🔼The name Memphis: Summary
- Meaning
- Perpetual Beauty
- Etymology
- From the Egyptians term men nefer, perpetual beauty.
🔼The name Memphis in the Bible
The Egyptian city of Memphis is mentioned eight times in the Bible (Isaiah 19:13, Jeremiah 2:16, 44:1, 46:14, 46:19, Ezekiel 30:13, 30:16, Hosea 9:6), and all but Hosea spell this name נף (Noph). Hosea speaks of מף (Moph).
Memphis had known periods of great honor and utter decline. It had been the capital city of Egypt for a millennium, from the unification of Upper and Lower Egypt to the decline of the Old Kingdom in the 22nd century BC. It briefly became again so in the 14th century, during the reign of Tutankhamen, and in the 8th century, just around the time of the prophets.
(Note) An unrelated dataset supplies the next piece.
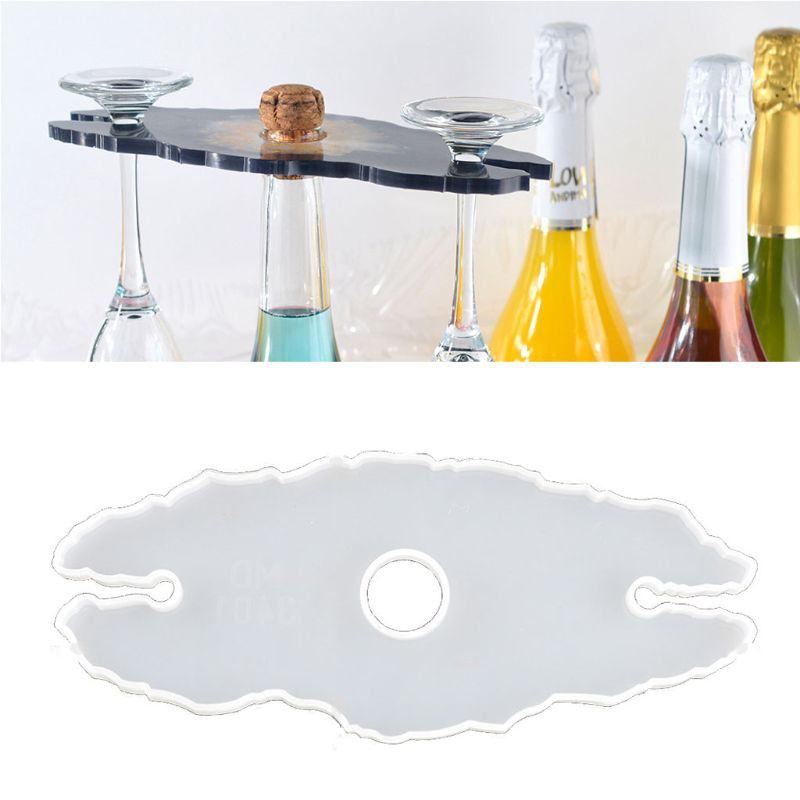 Glitter Handmade Large Wine Glass Holder Silicone Resin Mold Bottle Shelf Storage Glass Tray Resin Mould Tools Art Crafts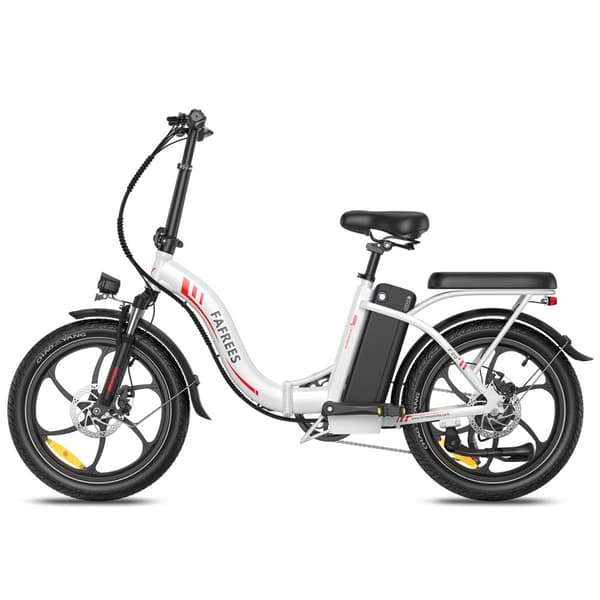 Fafrees F20+ Hopfällbar Elcykel 20AH Batteri, 90km Räckvidd, 250W Motor, 20*3.0 Tums Fat Tire, SHIMANO 7-Växel - Vit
Its signature religion — Memphite-theology, which emphasized the unification of Egypt, the supremacy of the creator Ptah and the divine triad — was restored as well.
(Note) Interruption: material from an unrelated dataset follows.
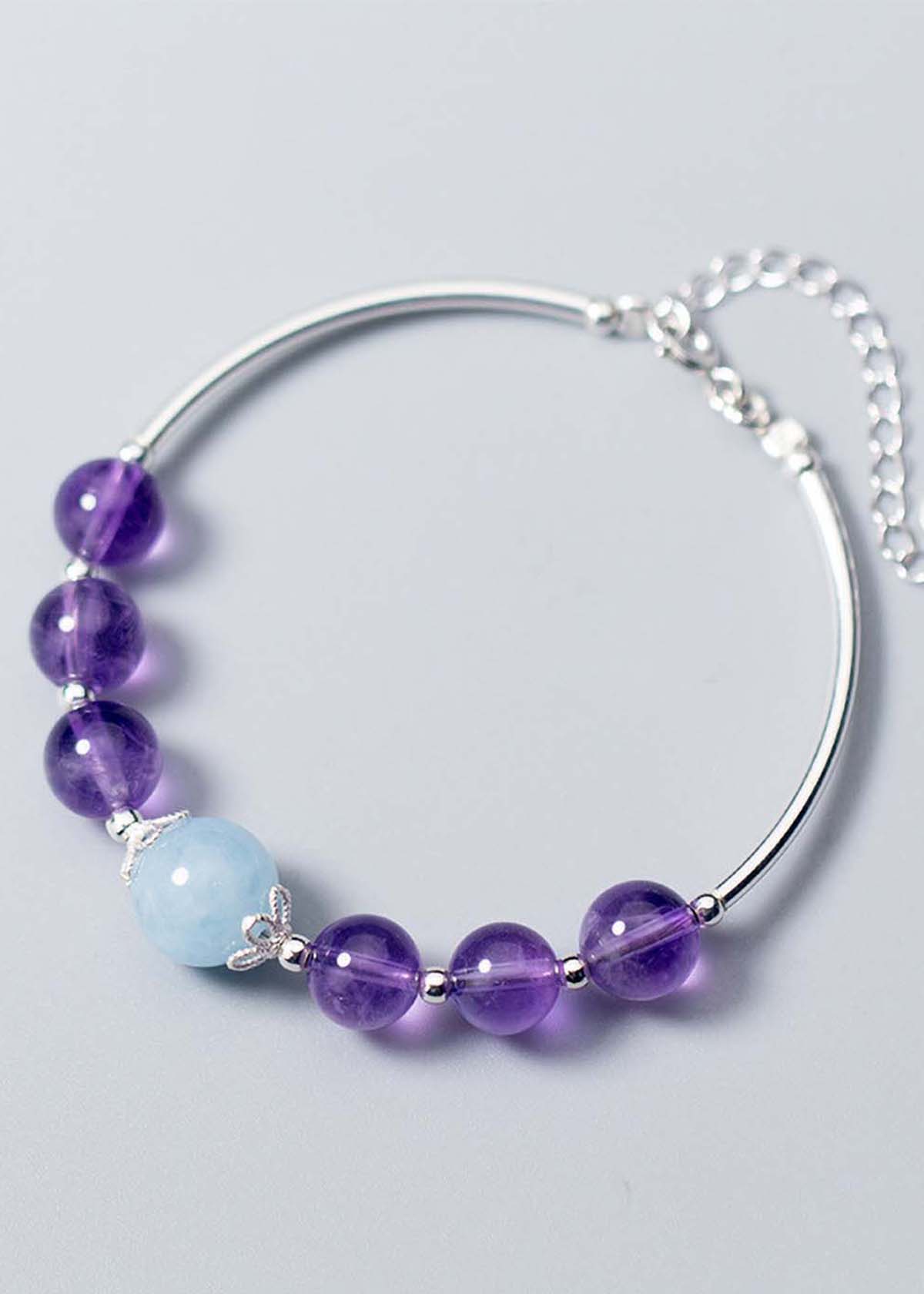 Vòng tay bạc đá thạch anh tím phối Aquamarine - Ngọc Quý Gemstones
Even when Memphis was not the capital or home of the government, it remained an important city, economically, artistically and theologically. Many of the waves of nationalism and liberation movements from various conquerors arose from Memphis, which helps to explain why today it is an uninhabited ruin.
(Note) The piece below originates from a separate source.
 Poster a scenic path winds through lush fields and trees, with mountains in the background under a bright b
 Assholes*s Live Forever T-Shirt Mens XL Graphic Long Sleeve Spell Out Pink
The reputation of this city and the Greek version of the name, namely Μεμφις (Memphis), may have helped the formation of the verb μεμφομαι (memphomai), to find fault.
🔼Etymology of the name Memphis
The name Memphis is the English transliteration of the Greek version of the Egyptian term men nefer which means Perpetual Beauty (hence also the familiar name Nefertiti).
It's hard to say whether the Hebrew scribes who transliterated this name intended a pun or not because nothing in Hebrew looks like נף (noph) and מף (moph). The letters נ (nun) and מ (mem) also function as prefixes — the nun tends to create a passive or reflexive voice; the mem mostly indicates agency or origin — which leaves the letter פ (peh). But the name of this letter is the word פה (peh), meaning mouth or even speech. And that, to a very creative audience, might link our name מף (moph) to the word מדבר (midbar), meaning wilderness or "place of the word".